Show Abstract | Download Original | Original Source | Check in Google Scholar | DOI: 10.31764/jtam.v10i2.35319

Abstract

Agriculture plays a strategic role in supporting economic development and food security in Indonesia, particularly in South Sulawesi, one of the country’s primary rice-producing regions. Existing studies on agricultural productivity commonly rely on parametric or single-response models, which are less effective in capturing the nonlinear, locally varying, and interrelated characteristics of agricultural indicators. Addressing this research gap, the present study applies a biresponse nonparametric regression approach that integrates truncated splines and Fourier series to simultaneously model rice productivity and the food security index.
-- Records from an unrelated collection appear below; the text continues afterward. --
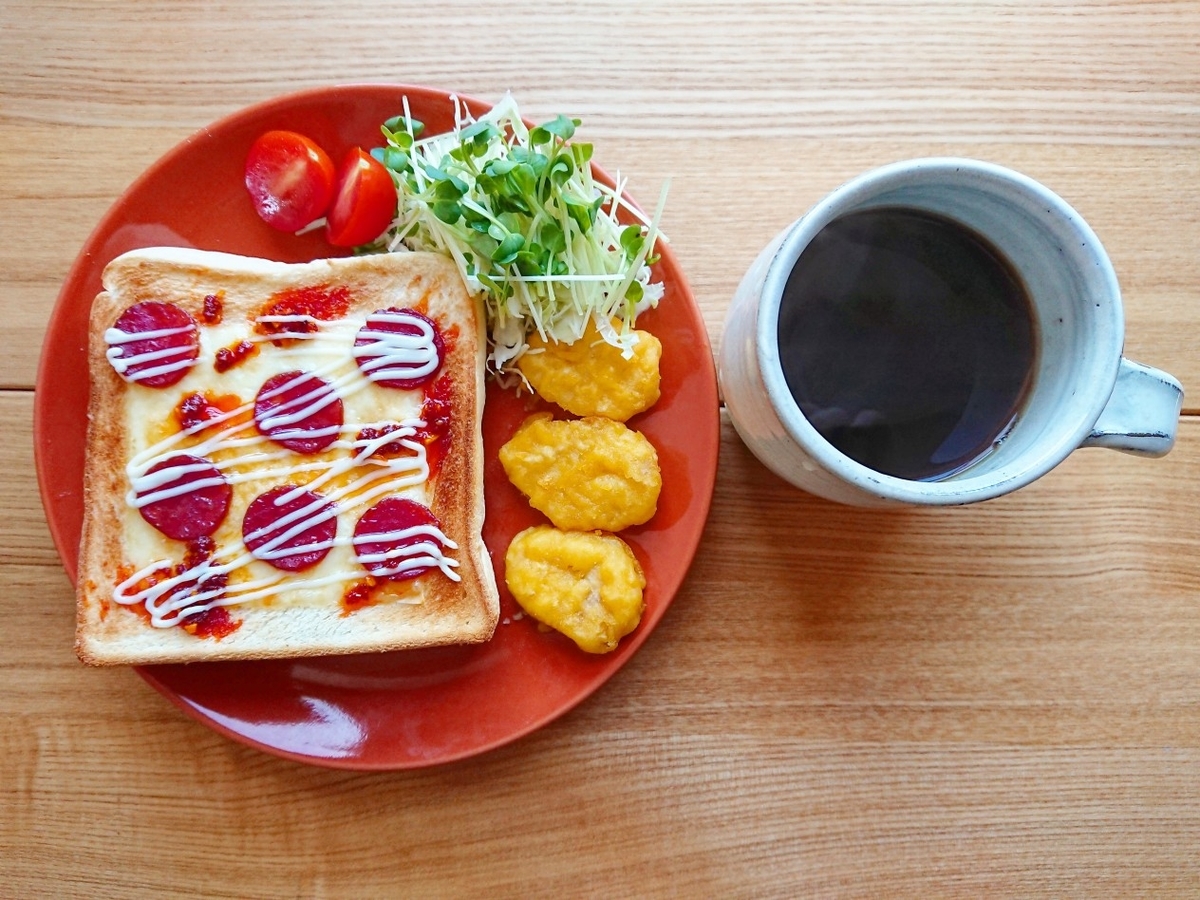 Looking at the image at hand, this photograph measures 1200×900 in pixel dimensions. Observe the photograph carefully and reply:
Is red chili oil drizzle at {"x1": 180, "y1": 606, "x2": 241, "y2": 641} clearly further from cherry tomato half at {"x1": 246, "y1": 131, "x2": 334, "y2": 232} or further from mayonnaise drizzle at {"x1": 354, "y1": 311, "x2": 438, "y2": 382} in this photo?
cherry tomato half at {"x1": 246, "y1": 131, "x2": 334, "y2": 232}

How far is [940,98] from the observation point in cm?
181

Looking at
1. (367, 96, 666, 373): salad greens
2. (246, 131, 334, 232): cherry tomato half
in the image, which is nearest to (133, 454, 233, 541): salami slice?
(246, 131, 334, 232): cherry tomato half

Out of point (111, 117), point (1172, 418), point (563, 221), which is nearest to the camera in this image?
point (1172, 418)

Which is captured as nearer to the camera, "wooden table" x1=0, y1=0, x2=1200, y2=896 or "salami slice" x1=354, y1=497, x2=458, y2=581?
"salami slice" x1=354, y1=497, x2=458, y2=581


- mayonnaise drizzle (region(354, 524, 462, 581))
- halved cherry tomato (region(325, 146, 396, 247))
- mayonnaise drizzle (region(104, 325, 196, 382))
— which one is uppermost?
halved cherry tomato (region(325, 146, 396, 247))

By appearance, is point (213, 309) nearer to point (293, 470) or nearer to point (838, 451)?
point (293, 470)

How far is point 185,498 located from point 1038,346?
60.6 inches

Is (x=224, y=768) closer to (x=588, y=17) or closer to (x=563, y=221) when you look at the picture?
(x=563, y=221)

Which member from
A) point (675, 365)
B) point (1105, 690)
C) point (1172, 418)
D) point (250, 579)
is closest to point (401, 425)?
point (250, 579)

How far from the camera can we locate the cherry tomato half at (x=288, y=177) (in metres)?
1.59

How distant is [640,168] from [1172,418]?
1073 mm

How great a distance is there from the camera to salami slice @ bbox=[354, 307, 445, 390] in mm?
1633

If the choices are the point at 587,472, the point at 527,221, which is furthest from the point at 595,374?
the point at 527,221

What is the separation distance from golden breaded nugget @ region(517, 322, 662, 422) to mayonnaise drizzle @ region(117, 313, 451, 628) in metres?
0.21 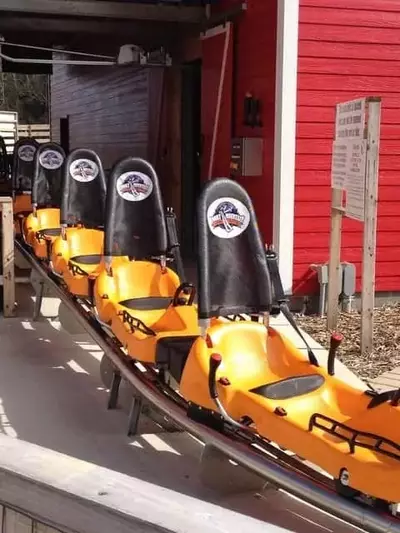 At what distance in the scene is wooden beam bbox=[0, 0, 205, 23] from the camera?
8.04 meters

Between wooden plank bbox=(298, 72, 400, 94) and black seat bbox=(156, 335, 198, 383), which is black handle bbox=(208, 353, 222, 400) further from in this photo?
wooden plank bbox=(298, 72, 400, 94)

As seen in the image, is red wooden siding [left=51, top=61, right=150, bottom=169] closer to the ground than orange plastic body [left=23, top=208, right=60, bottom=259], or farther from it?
farther from it

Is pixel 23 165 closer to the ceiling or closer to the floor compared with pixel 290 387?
closer to the ceiling

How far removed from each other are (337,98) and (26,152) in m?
3.70

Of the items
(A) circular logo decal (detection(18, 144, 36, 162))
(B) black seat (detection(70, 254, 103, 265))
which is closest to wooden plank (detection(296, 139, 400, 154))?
(B) black seat (detection(70, 254, 103, 265))

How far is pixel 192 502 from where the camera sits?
159 cm

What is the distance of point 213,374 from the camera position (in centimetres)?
322

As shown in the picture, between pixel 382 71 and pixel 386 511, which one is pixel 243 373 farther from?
pixel 382 71

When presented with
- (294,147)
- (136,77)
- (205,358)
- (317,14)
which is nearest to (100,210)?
(294,147)

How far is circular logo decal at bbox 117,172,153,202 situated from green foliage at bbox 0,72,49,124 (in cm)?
3362

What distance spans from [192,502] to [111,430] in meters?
2.75

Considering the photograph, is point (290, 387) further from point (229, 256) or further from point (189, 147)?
point (189, 147)

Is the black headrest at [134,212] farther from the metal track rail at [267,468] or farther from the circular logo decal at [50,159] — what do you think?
the circular logo decal at [50,159]

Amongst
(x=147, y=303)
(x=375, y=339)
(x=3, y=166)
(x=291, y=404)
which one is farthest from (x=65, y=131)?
(x=291, y=404) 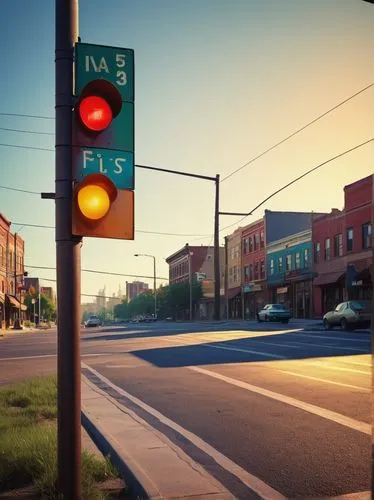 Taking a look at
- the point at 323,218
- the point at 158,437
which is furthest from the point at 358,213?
the point at 158,437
This quantitative observational research uses secondary regional agricultural statistics, and the analytical procedure includes formulating the biresponse model, conducting diagnostic checks of key nonparametric assumptions, and estimating parameters using the Weighted Least Squares (WLS) method. Model selection was conducted using the Generalized Cross Validation (GCV) criterion, which indicated that rainfall was better approximated with truncated splines and extension workers with Fourier series. The optimal knot points were obtained at 1207.096 for rice productivity variable and 1207.556 for food security index variable, with one oscillation applied in the Fourier series and one knot for the truncated spline. The results show that the best model was obtained with the smallest Generalized Cross Validation (GCV) value of 21.38, a coefficient of determination of 94.85%, and a Mean Absolute Percentage Error (MAPE) of 9.68%. These results demonstrate the methodological advantage of the combined biresponse nonparametric model in accommodating complex data structures and provide actionable insights for policymakers in optimizing resource allocation, strengthening extension services, and enhancing food security strategies in South Sulawesi.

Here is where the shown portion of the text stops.